NAME
pgdbf - convert XBase / FoxPro tables to PostgreSQL
SYNOPSIS
pgdbf [-cCdDeEhtTuU] [-m memofile] filename [indexcolumn ...]
DESCRIPTION
PgDBF is a program for converting XBase databases - particularly FoxPro
tables with memo files - into a format that PostgreSQL can directly
import. It’s a compact C project with no dependencies other than
standard Unix libraries. While the project is relatively tiny and
simple, it’s also heavily optimized via profiling - routine benchmark
were many times faster than with other Open Source programs. In fact,
even on slower systems, conversions are typically limited by hard drive
speed.
Features
PgDBF was designed with a few core principles:
Simplicity. This code should be understandable by anyone who
wants to hack it.
Robustness. Every syscall that might possibly fail is checked
for success.
Speed. PgDBF was born to be the fastest conversion available
anywhere.
Completeness. It has full support for FoxPro memo files.
Portability. PgDBF runs on 32- and 64-bit systems, and both
little-endian (eg x86) and big-endian (eg PowerPC)
architectures.
Performance
PgDBF’s speed is generally limited by how fast it can read your hard
drives. A striped RAID of quick disks can keep PgDBF pretty well fed
on a single-processor system. One problem area is with memo files,
which may become very internally fragmented as memo fields are created,
deleted, and updated.
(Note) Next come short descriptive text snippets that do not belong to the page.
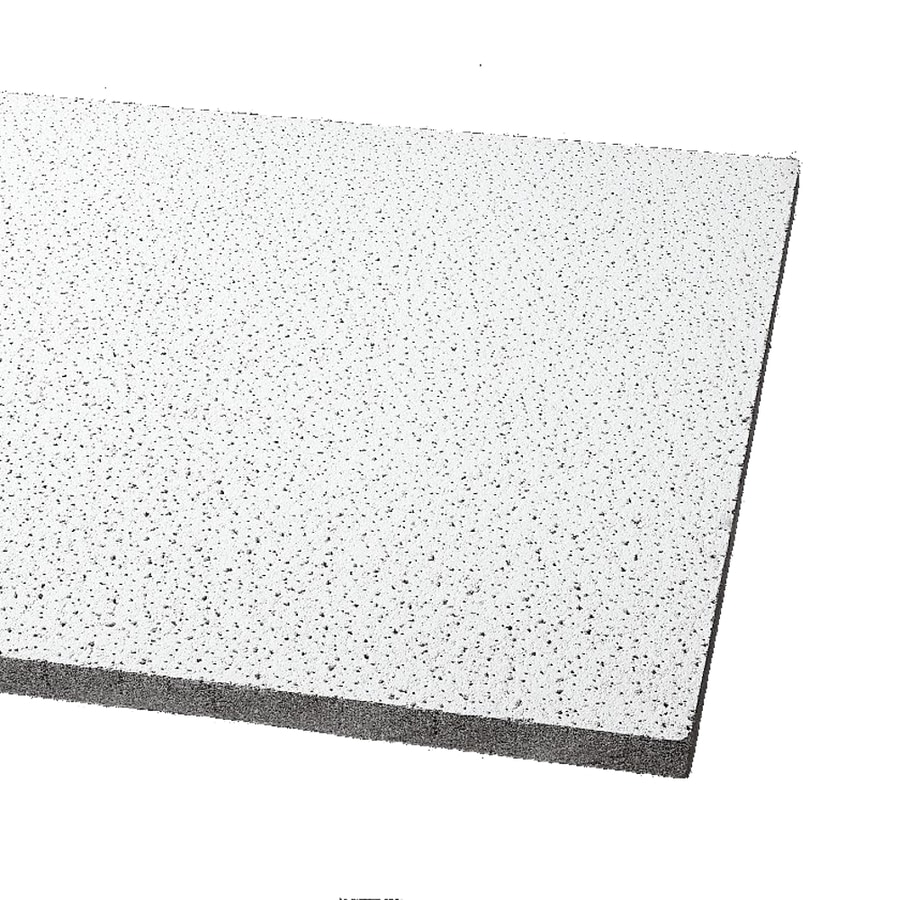 Armstrong Ceilings Fine Fissured School Zone Ceiling Tiles At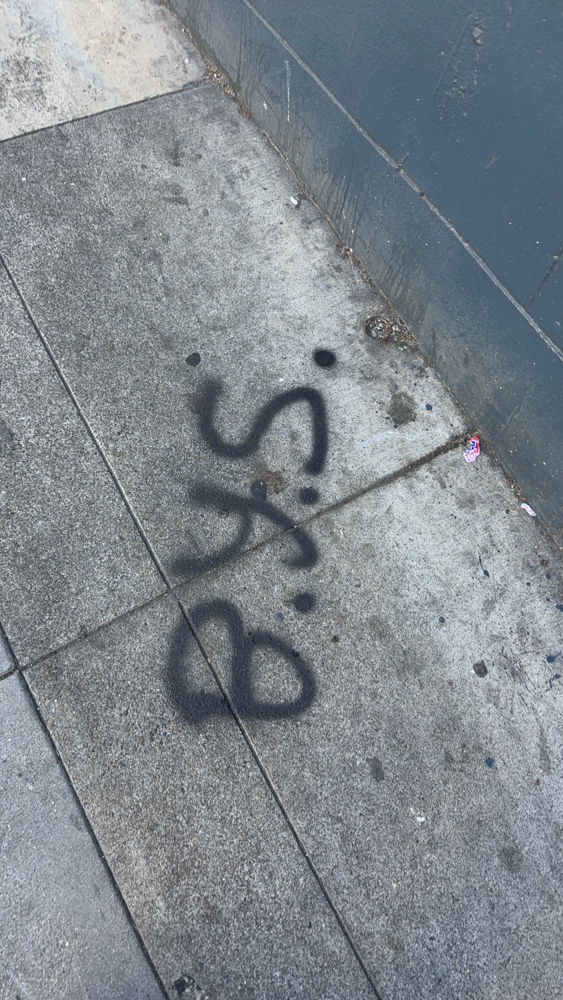 Photo attached to case 202000186899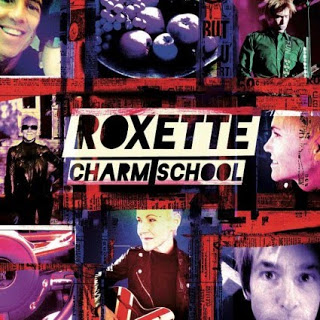 roxette charm school torrent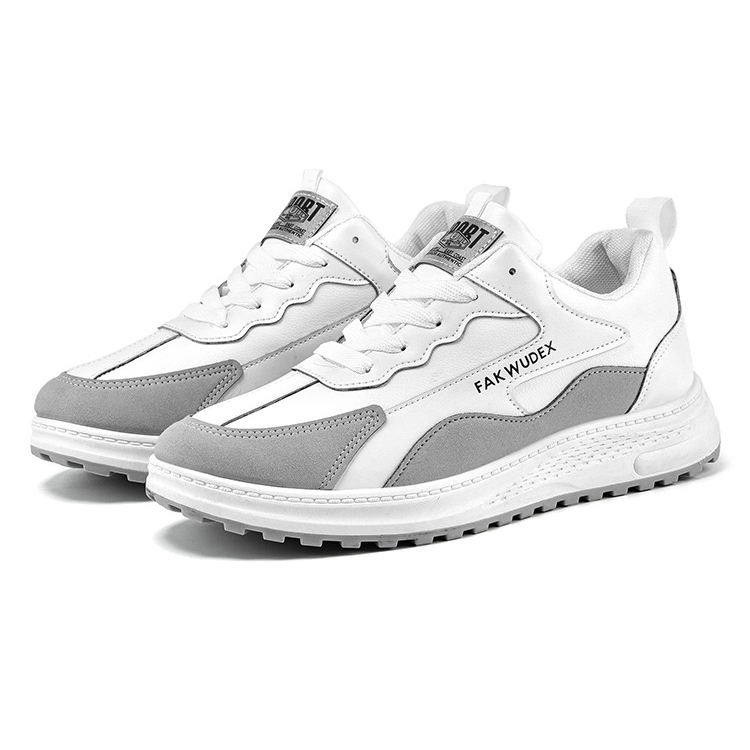 Grossiste chaussure de marque chinois-Acheter les meilleurs chaussure de marque  chinois lots de la Chine chaussure de marque chinois Grossistes en ligne |  Alibaba.com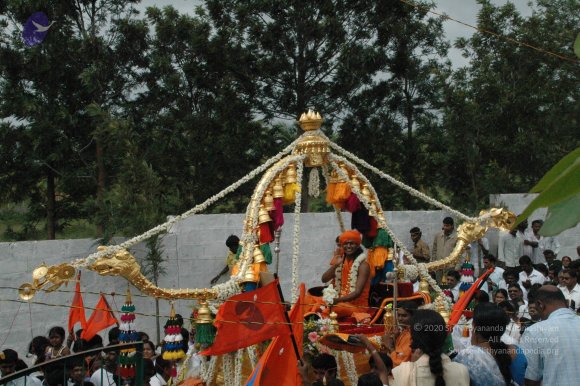 20100725_Photo_2143_DSC_2530_CMP_WM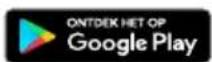 ARCAM Solo Uno - Verbinding maken met Google Home - 3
For best results, consider placing the DBF and
FPT files on a RAM drive so that there’s no seek penalty as there is
with spinning hard drives, or using a filesystem such as ZFS that
caches aggressively.
One particularly fragmented 160MB table with memo fields used to take
over three minutes on a FreeBSD UFS2 filesystem. Moving the files to a
RAM disk dropped the conversion time to around 1.2 seconds.
A certain test table used during development comprises a 280MB DBF file
and a 660MB memo file. PgDBF converts this to a 1.3 million row
PostgreSQL table in about 11 seconds, or at a rate of almost 120,000
rows per second.
OPTIONS
-c Generate a CREATE TABLE statement to make a table with similar
datatypes and column names as the DBF file. Default.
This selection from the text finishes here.